If a stream is ACTIVE but data is not appearing in Kloudfuse:

  1. Check the Monitoring tab in the AWS Console. Open the delivery stream in the Kinesis console and look for non-zero DeliveryToHTTPEndpoint.Failed or a rising DeliveryToHTTPEndpoint.DataFreshness value. These are the primary indicators of a delivery problem.

  2. Inspect the S3 failure backup. Failed records are written to S3 under the prefix configured when the stream was created (kloudfuse-metrics-failures/ or kloudfuse-logs-failures/). Download a failed record and inspect the error message:

    aws s3 ls s3://<backup-bucket-name>/kloudfuse-metrics-failures/ --recursive | tail -5
    aws s3 cp s3://<backup-bucket-name>/kloudfuse-metrics-failures/<path-to-record> /tmp/failed-record.gz
    gunzip /tmp/failed-record.gz && cat /tmp/failed-record
    bash

    Common error messages and their causes:

    Error message Cause

    Connection refused / Connection timed out

    Kloudfuse ingester endpoint is unreachable — check security groups, ingress, and the endpoint URL

    HTTP 401 Unauthorized

    API key is missing or incorrect in the Firehose HTTP endpoint access key configuration

    HTTP 403 Forbidden

    The IAM role does not have permission to write to the S3 backup bucket

    HTTP 413 Request Entity Too Large

    Reduce the SizeInMBs buffering hint (try 2 MB)

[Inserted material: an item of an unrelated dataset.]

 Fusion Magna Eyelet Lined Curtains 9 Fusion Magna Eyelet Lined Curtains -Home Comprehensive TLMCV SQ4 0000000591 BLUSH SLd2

    HTTP 503 Service Unavailable

    Kloudfuse ingester is overloaded or restarting — check ingester pod status

  3. Verify the ingester pod is running:

    kubectl get pods -n kfuse | grep ingester
    kubectl logs -n kfuse deployment/ingester --tail=50
    bash
  4. Test the endpoint directly from a host that has network access to the Kloudfuse ingester:

    curl -v -X POST \
      https://<kloudfuse-ingester-host>/ingester/kinesis/metrics \
      -H "Content-Type: application/json" \
      -d '{"test": true}'
    bash

    A 400 Bad Request (not a network error) confirms the endpoint is reachable — the Kloudfuse ingester will reject the test payload but the connection succeeded.

Permission Errors

If the stream reports Access Denied errors:

  1. Confirm the KloudfuseFirehoseRole trust policy includes both firehose.amazonaws.com and logs.amazonaws.com as trusted principals:

    aws iam get-role \
      --role-name KloudfuseFirehoseRole \
      --query 'Role.AssumeRolePolicyDocument'
    bash
  2. Confirm the role has firehose:PutRecord and firehose:PutRecordBatch permissions:

    aws iam get-role-policy \
      --role-name KloudfuseFirehoseRole \
      --policy-name KloudfuseFirehosePermissions
    bash
  3. If using CloudWatch Logs subscription filters, the role also needs logs:PutSubscriptionFilter for the log group.

Stream Stuck in CREATING State

A stream that stays in CREATING for more than a few minutes usually indicates an IAM role propagation delay. Wait 30 seconds and re-run the describe-delivery-stream command. If it remains stuck, delete and recreate the stream — IAM role ARNs referenced during stream creation must exist at the time of the API call.

aws firehose delete-delivery-stream --delivery-stream-name kloudfuse-metrics
bash

High Delivery Latency

Firehose buffers records before delivery based on the SizeInMBs and IntervalInSeconds hints. The default configuration (4 MB or 60 seconds, whichever comes first) means data can be up to 60 seconds old when it arrives in Kloudfuse.

To reduce latency, lower the interval:

aws firehose update-destination \
  --delivery-stream-name kloudfuse-metrics \
  --current-delivery-stream-version-id 1 \
  --destination-id destinationId-000000000001 \
  --http-endpoint-destination-update '{
    "BufferingHints": {
      "SizeInMBs": 1,
      "IntervalInSeconds": 15
    }
  }'
bash
The minimum IntervalInSeconds is 15 seconds. Lowering this increases the number of HTTP requests to the Kloudfuse ingester.